A chewy comeback role is the ultimate gift to an accomplished actor who never quite caught fire or who got older while producers and studio execs kept getting younger.

Think of what Tarantino did for Travolta, Pam Grier or Robert Forster, what “Stranger Things” meant for Winona Ryder or “The Whale” managed for Brendan Fraser.

Steven Soderbergh had just transitioned from “indie” cinema icon (“sex, lies and videotape”) to mainstream hit-maker (“Out of Sight”) as a director when he brought “The Limey” (1999) to life at boutique distributor Artisan.

A simple, bluff and brutal thriller without a lot of mystery to it became the star vehicle Terence Stamp never really had in his ’60s debut years, when “The Collector” and “Modesty Blaise” might have made him, but didn’t.

Stamp, who passed away this week at 87, passed on “Alfie,” which made his former roommate Michael Caine a superstar.
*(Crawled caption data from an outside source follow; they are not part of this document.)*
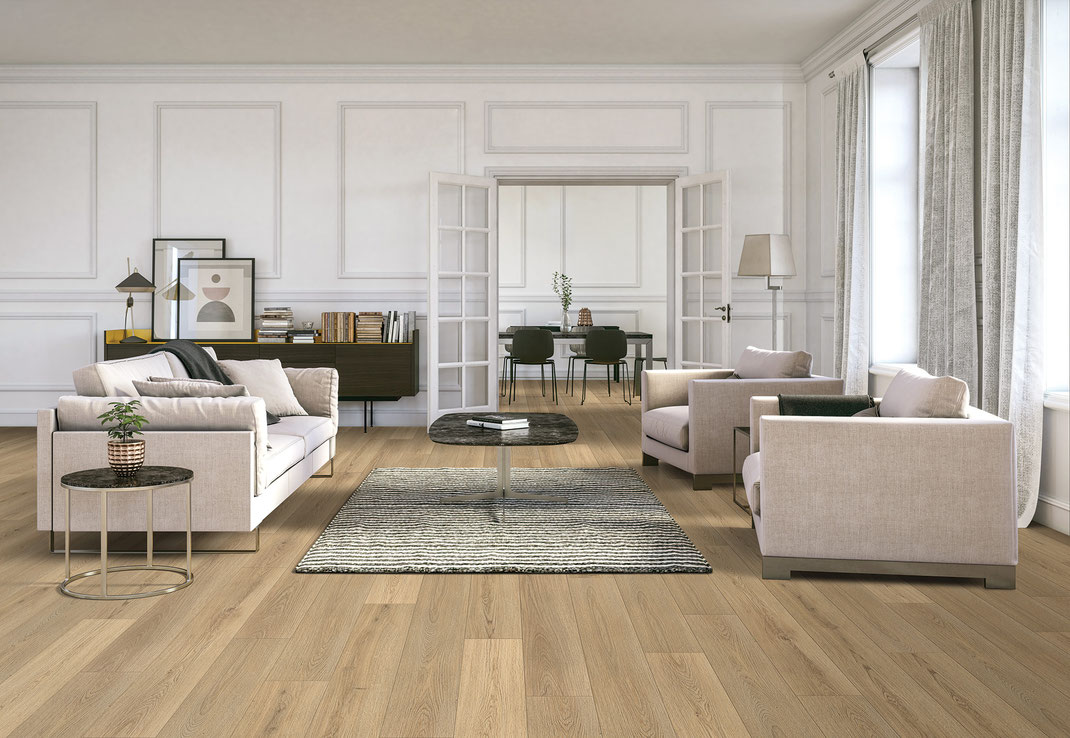 Paramount Bliss Dry Back: Sunriver Tan 7" x 48" Vinyl Plank DB129 Room Scene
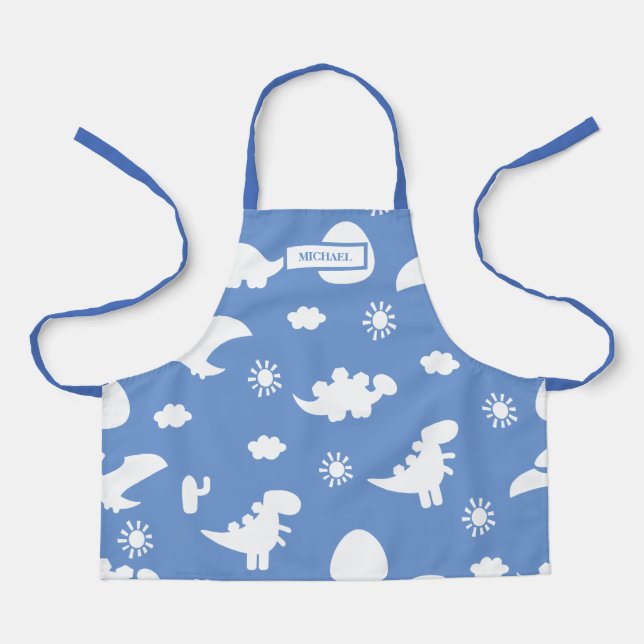 Delantal Dino Doodle Silhouettes niños Dinosaur Blue Apron (Anverso)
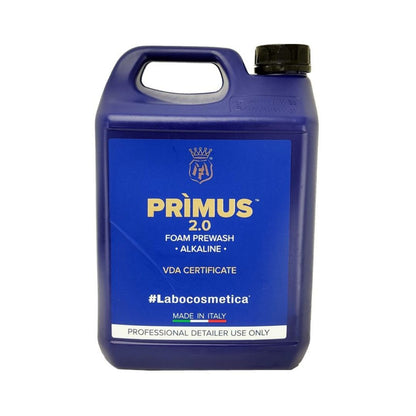 Labocosmetica Primus 2.0 pre-wash snow foam. Like Citrus Pre spray and wheel cleaner. safe snow foam for ceramic coated cars. Best snow foam. Thick snow foam. Better than Bilt Hamber auto-foam. Labocosmetica Ireland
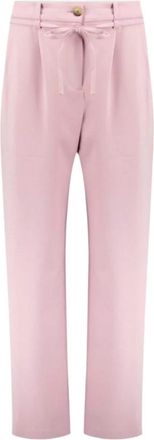 Sams&oslash;e & Sams&oslash;e High-Waisted Wide-Leg Broek met Riem - Dames - Straight fit broeken - Roze - S - Polyester - Broeken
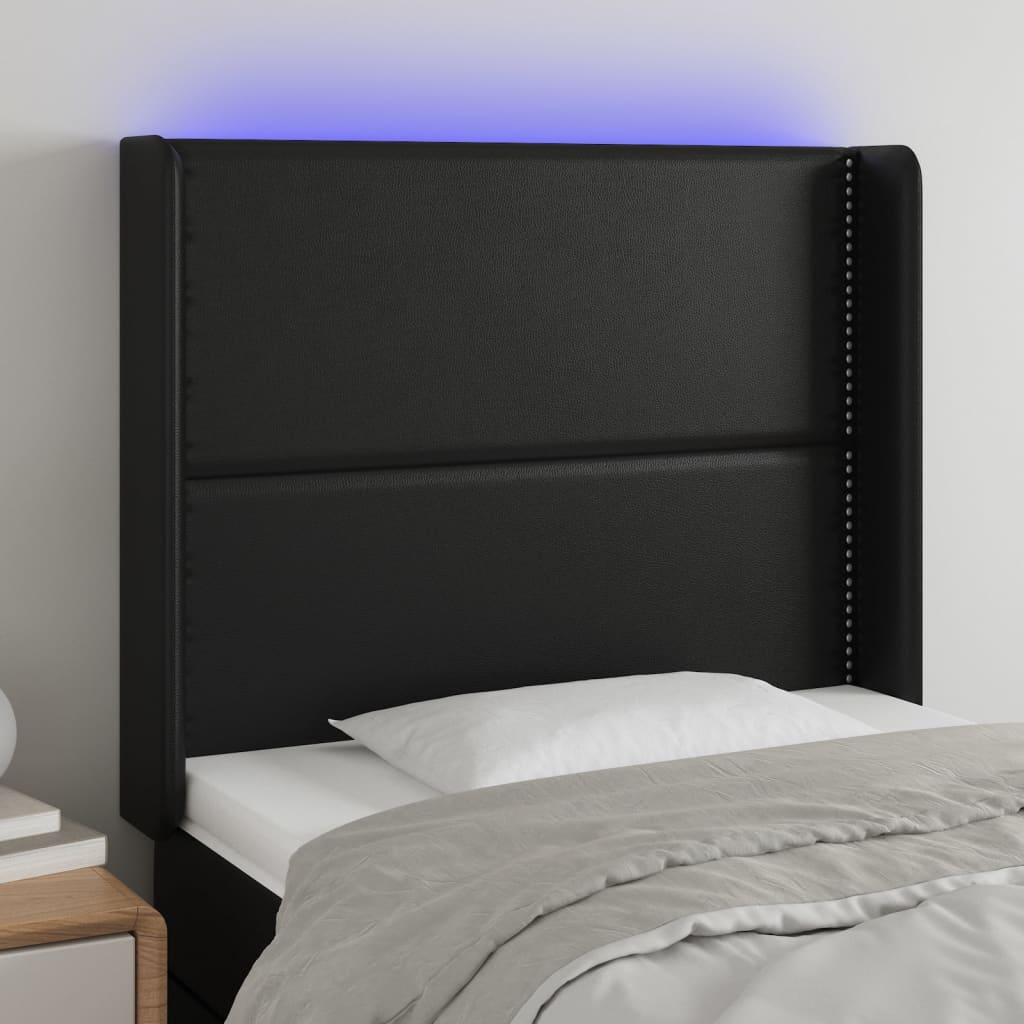 vidaXL Zagłówek do łóżka z LED, czarny 103x16x118/128cm sztuczna skóra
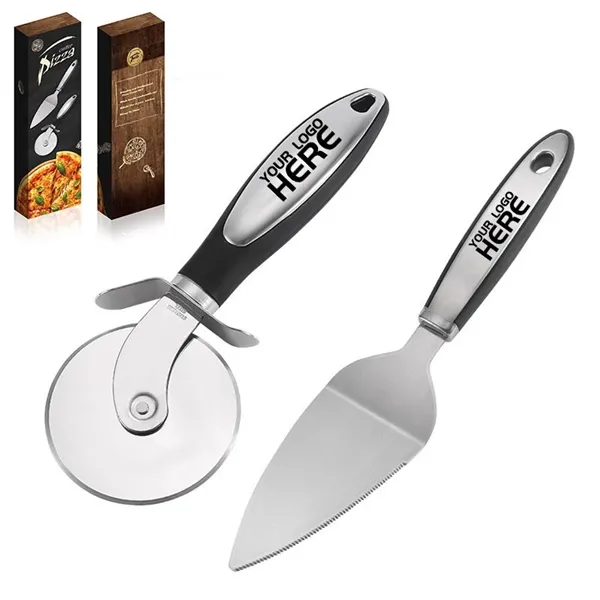 Pizza knife and spatula two-piece set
He was supposedly considered a replacement for Sean Connery as James Bond.

But what never happened back then came to him with the career-extending showcase that was “The Limey,” making him a Cockney ex-con bashing and shooting his way through Los Angeles in search of answers about his daughter’s death.

Soderbergh, working from a Lem Dobbs (“Dark City,” “The Score”) script, had a tale about a “villain” as the Brits like to call him who got his start in the ’60s. Who better to renew our acquaintance with London in the ’60s than Stamp?

Stamp was one of the famous faces of ‘Swinging London.” He dated Julie Christie and other starlets of the day. His younger brother, Chris Stamp, managed mod-era rockers The Who, who earn a needle-drop (“The Seeker”) in “The Limey.”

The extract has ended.